When I moved from the clinical and diagnostic side of healthcare as a medical technologist to publishing, I brought with me a legacy of training in sciences and research methodology. In the laboratory, metrics, analytical observations, and logical summaries of complex interactions are the guidelines. These are also the guidelines of a professional journalist. And they are the essence of editorial integrity.

Professional journalists aim to provide readers with the highest quality information—information that has not been influenced by those with self-interests, those who are opinionated, or those who stand to gain from coverage. These professionals stand apart. They cannot be bought or influenced.

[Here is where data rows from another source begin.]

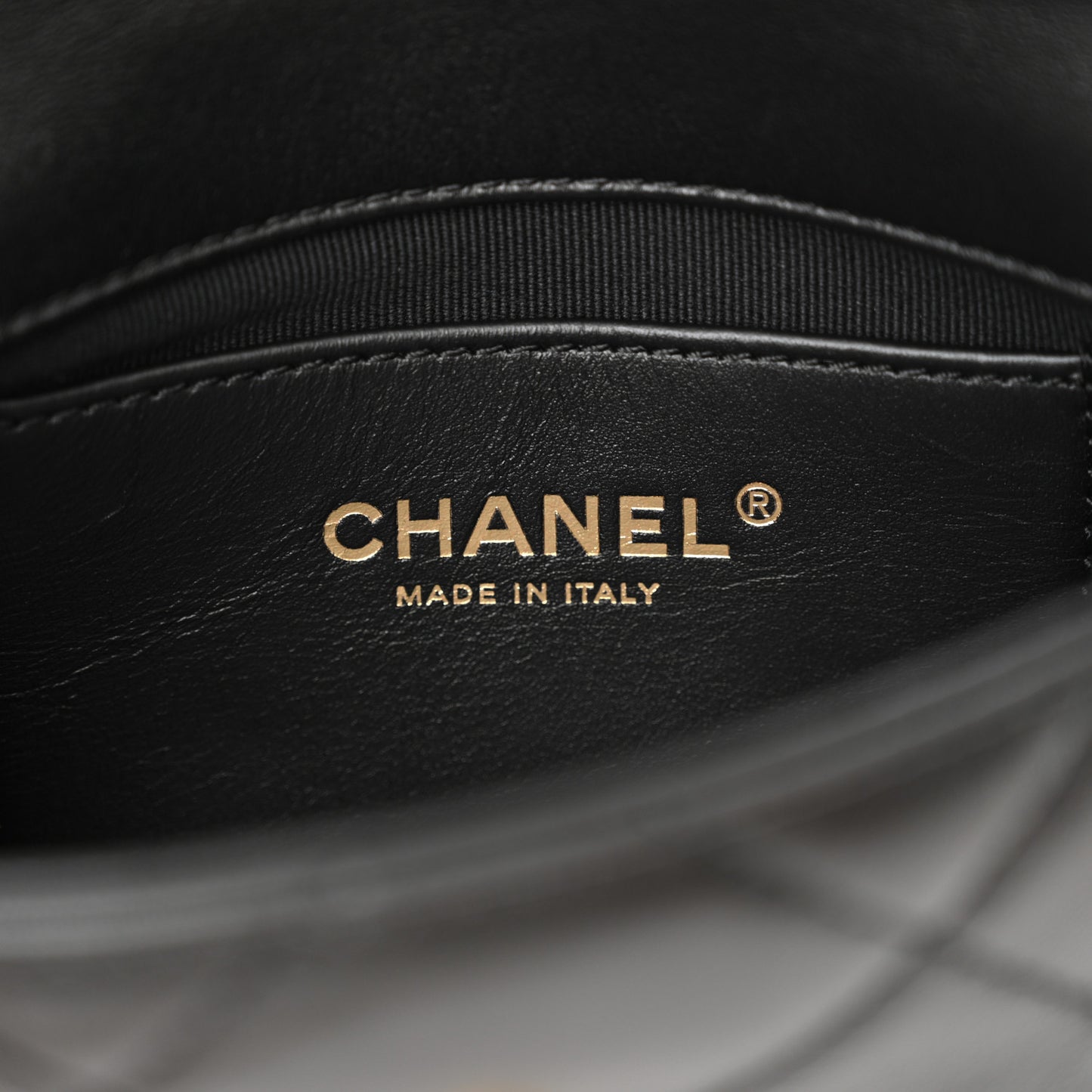 Lambskin Quilted Mini Flap CC Links Flap Black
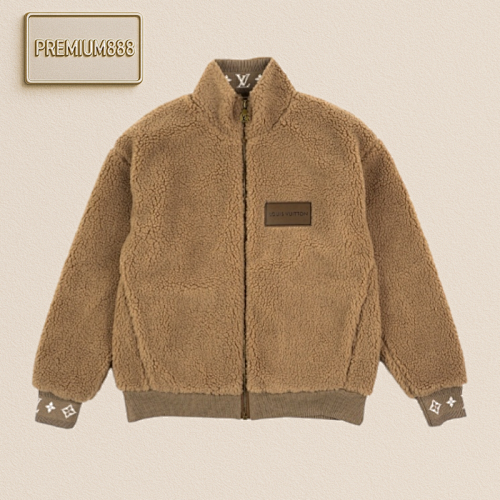 L V Lamb Wool Jacket Coffee Color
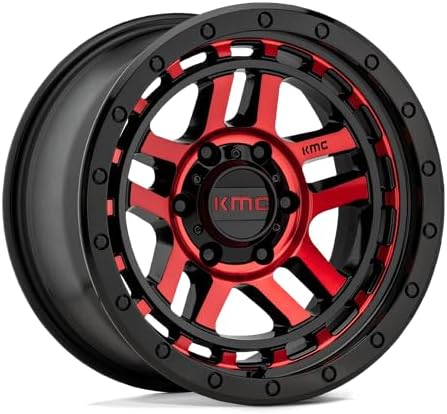 Miniatura 2 de KMC KM540 Recon 17x9 6x5.5" -12mm Llanta NegraRoja de 17" Pulgadas KM54079068912N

Over the years, I have received a number of prestigious national and regional awards for editorial excellence, and I am proud of every one. But I am most proud of a certificate entitled, “The NoBull Piece Prize for HIPAA Coverage” bestowed upon me by my editorial colleagues during the height of HIPAA hysteria in the late ‘90’s.

So when one person publicly charged that  Vendome editors had been bought, I felt the pain. And I was sad. I was sad because I know: Editors at HEALTHCARE DESIGN and the six other Vendome healthcare publications cannot be bought.

At Vendome, editors build stories based on facts. They talk to experts, they talk to end users, and they talk to industry insiders. They ask a lot of people a lot of questions to hear all sides of the story. Sometimes they let industry experts tell it like they see it. But no matter how the editor delivers the story, the goal is to deliver it with objectivity and integrity.

Editors at Vendome aim to present the options to inform readers, and then let readers to make their own decisions based on their unique set of circumstances. It’s called editorial integrity. Vendome editors have it and Vendome management respects and supports it.

Every editor at Vendome is worthy of “The NoBull Piece Prize.” And I hereby bestow it upon each of them.